DALLAS -- Paul Jerrard's philosophy on life is pretty simple.
"I don't want to be seen as a good black coach, I just want to be seen as a good coach," said the Dallas Stars' new assistant.
Jerrard, 46, whose mother is from Jamaica and whose father is white, will probably be the only black bench coach in the NHL next season.
Phoenix goalie coach Grant Fuhr has one black parent and one white parent but will not man the bench. Dirk Graham, who has one mixed-race parent, is considered the first black head coach in NHL history. He coached the Chicago Blackhawks for 59 games in 1998-99.
And while Jerrard understands that he can play a role in helping the NHL push diversity, he does it through his actions, not his speech.
"It is rare to see a black hockey coach, and Paul understands that, but I don't think anyone who knows him sees him as a black hockey coach," said Glen Gulutzan, the Stars' new head coach, who worked with Jerrard for the last two seasons on the Texas Stars.
"Honestly, I think everyone just sees him as Paul."
Jerrard likes it that way. He grew up in Manitoba and was one of four children to two hard-working parents. His mom left Jamaica and put herself through nursing school. His dad was a laborer.
Jerrard loved hockey and earned a scholarship at the highly acclaimed Notre Dame Academy in Wilcox, Saskatchewan. He was drafted by the New York Rangers (173rd overall in 1983), then played at Lake Superior State.
Eventually he was traded to the Minnesota North Stars, for whom he played his only five NHL games as well as six seasons with the team's affiliate at Kalamazoo, Mich. That started his long-term relationship with the organization.
"We've known Paul forever, and he has always been the same guy -- hard-working, dedicated, smart," said Les Jackson, the Stars' director of scouting and player development. "He's worked really hard to get this opportunity, and we're lucky to have him."
Jerrard played for other minor league teams to end his career and got his start in pro coaching as video assistant for Bob Hartley in Colorado in 2001. The Stars named him assistant coach of the Iowa Stars in 2005, and he has spent the last five seasons leading the defensemen of the Stars' top affiliate in Iowa and then at Texas.
"He's an incredible detail guy," Gulutzan said. "He is so prepared and so dedicated.

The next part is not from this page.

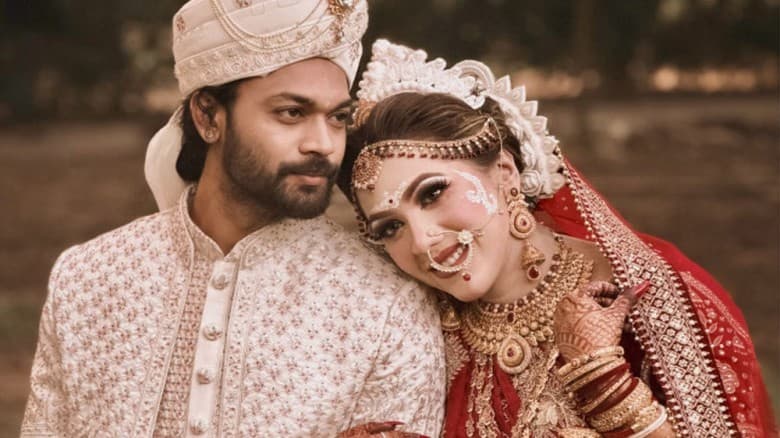 বিয়ে করলেন কণ্ঠশিল্পী পূজা, বর শুভংকর সেন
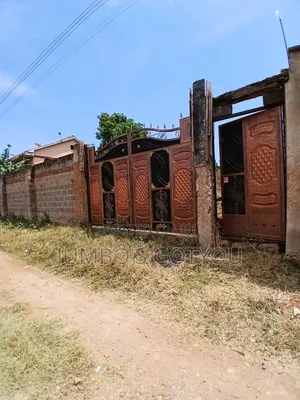 100×100 Prime Plot for Sale in Golf View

I've learned a lot from him."
And while Gulutzan has a reputation of being emotional, he said Jerrard isn't always the stoic one in the pair.
"He's got a real fire inside of him," Gulutzan said. "I think we both have our moments of calm and excitement, and I think we play off each other very well."
Jerrard said he's excited about the opportunity to coach at the NHL level and continue his relationship with Gulutzan.
"Obviously, staying with him is a great thing, and I think that will help the transition for both of us," Jerrard said. "We've been around the NHL players in camps, and you learn a lot there. I think it's just a process of doing your job and going through the experience and learning day by day. That's all you can do."
Jerrard is expected to have a lot of control next season. He will be in charge of the defensemen. He and associate coach Willie Desjardins are also expected to run the penalty kill.
"Paul is very comfortable with the defensemen and has done a great job of getting the most out of them," Gulutzan said.
And while putting two NHL rookie coaches on the same bench could have its drawbacks, Stars general manager Joe Nieuwendyk said he believes these two will be able to handle the challenges.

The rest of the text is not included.